C++ 标准矩阵乘法算法的运行时间比按比例放大时的预期慢(2^10+ x 2^10+ 元素)

发布于03月23日

我有一个标准的矩阵乘法算法.

// matrix.h

typedef struct Matrix {
    int rows;
    int columns;
    double *elements;
} Matrix;

double *addressAt(Matrix *matrix, int row, int column);
double *rowAt(Matrix *matrix, int row);
double dotProductColumnArray(Matrix *matrix, const int column, double *array);
void mmProduct(Matrix *first, Matrix *second, Matrix *result);

// matrix.c

// Helper function to find address of elements at row and column.
inline double *addressAt(Matrix *matrix, int row, int column) {
    return &(matrix->elements[row * matrix->columns + column]);
}

// Helper function to find row array
inline double *rowAt(Matrix *matrix, int row) {
    return &(matrix->elements[row * matrix->columns]);
}

// Finds the dot product of a column of a matrix and an array.
double dotProductColumnArray(Matrix *matrix, const int column, double *array) {
    double sum = 0.0;
    const int rows = matrix->rows, columns = matrix->columns;
    int j = column;
    const double *elements = matrix->elements;
    for (int i = 0; i < rows; i++) {
        sum += array[i] * elements[j];
        j += columns;
    }
    return sum;
}

void mmProduct(Matrix *first, Matrix *second, Matrix *result) {
    const int rows = result->rows;
    const int columns = result->columns;
    for (int i = 0; i < rows; i++) {
        double *row = rowAt(first, i);
        for (int j = 0; j < columns; j++) {
            *addressAt(result, i, j) = dotProductColumnArray(second, j, row);
        }
    }
}

// Snippet of main.c

// Fills the matrix with random numbers between -1 and 1
void randomFill(Matrix *matrix);

int main() {
    struct timeval timestamp;
    long start, now;
    Matrix first, second, result;
    
    // 2^10
    first = createMatrix((int)pow(2, 10), (int)pow(2, 10));
    second = createMatrix((int)pow(2, 10), (int)pow(2, 10));
    randomFill(&first);
    randomFill(&second);
    result = createMatrix((int)pow(2, 10), (int)pow(2, 10));

    gettimeofday(&timestamp, NULL);
    start = timestamp.tv_sec * 1000 + timestamp.tv_usec / 1000;
    mmProduct(&first, &second, &result);
    gettimeofday(&timestamp, NULL);
    now = timestamp.tv_sec * 1000 + timestamp.tv_usec / 1000;
    printf("Time taken: %ldms\n", now - start);
    
    deleteMatrix(&first);
    deleteMatrix(&second);
    deleteMatrix(&result);
    
    // Same code as above but for 2^11, 2^12, replacing pow() when necessary.
    // ...
    // ...
}

以下是您自己运行它的完整代码: https://gist.github.com/kevinMEH/c37bda728bf5ee53c32a405ef611e5a7个

当我用两个2¹⁰x 2¹⁰矩阵运行该算法时，乘法大约需要2秒.

当我使用两个2¹¹x2¹¹矩阵运行该算法时，我预计该算法会在8*2秒~16秒内将它们相乘.然而，它需要36秒才能进行倍增.

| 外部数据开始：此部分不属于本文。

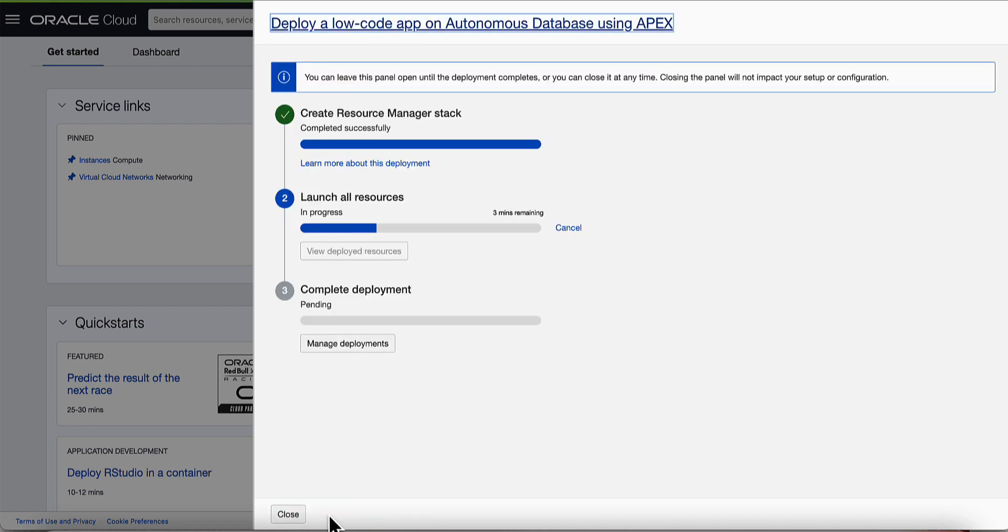The progress of the deployment can be tracked here. Wait for the deployment to complete. This may take a few minutes.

当我使用两个2¹²x2¹²矩阵运行该算法时，我预计该算法将它们相乘所需的时间为64*2000毫秒~128秒.最坏的情况是，我预计8*36=288秒会成倍增加.然而，它需要391秒才能倍增.

(使用Apple Clang 14.0.0和-O1编译，但使用-Ofast并且没有优化，它的伸缩性类似，仍然不是8的倍数，但更高.运行在Apple M1芯片上.)

我很困惑为什么会这样.执行的加法和乘法运算的次数正好是(2ⁿ)³，当我将矩阵的宽度增加2倍时，我预计后续的乘法运算每次只需要2=8倍的时间.

嫌疑人:

addressAt和rowAt帮助器函数是导致速度减慢的原因:这没有意义；加法和乘法的数量按n³zoom ，但调用addressAt的时候仅按n²zoom ，而rowAt的调用仅按n²zoom ，因此我们实际上应该看到速度的相对提高.(8*(n³+n²+n)&gt；8n³+4n²+2n) 我还手动内联了函数，发现没有明显的速度提高，所以应该不是因为函数调用开销.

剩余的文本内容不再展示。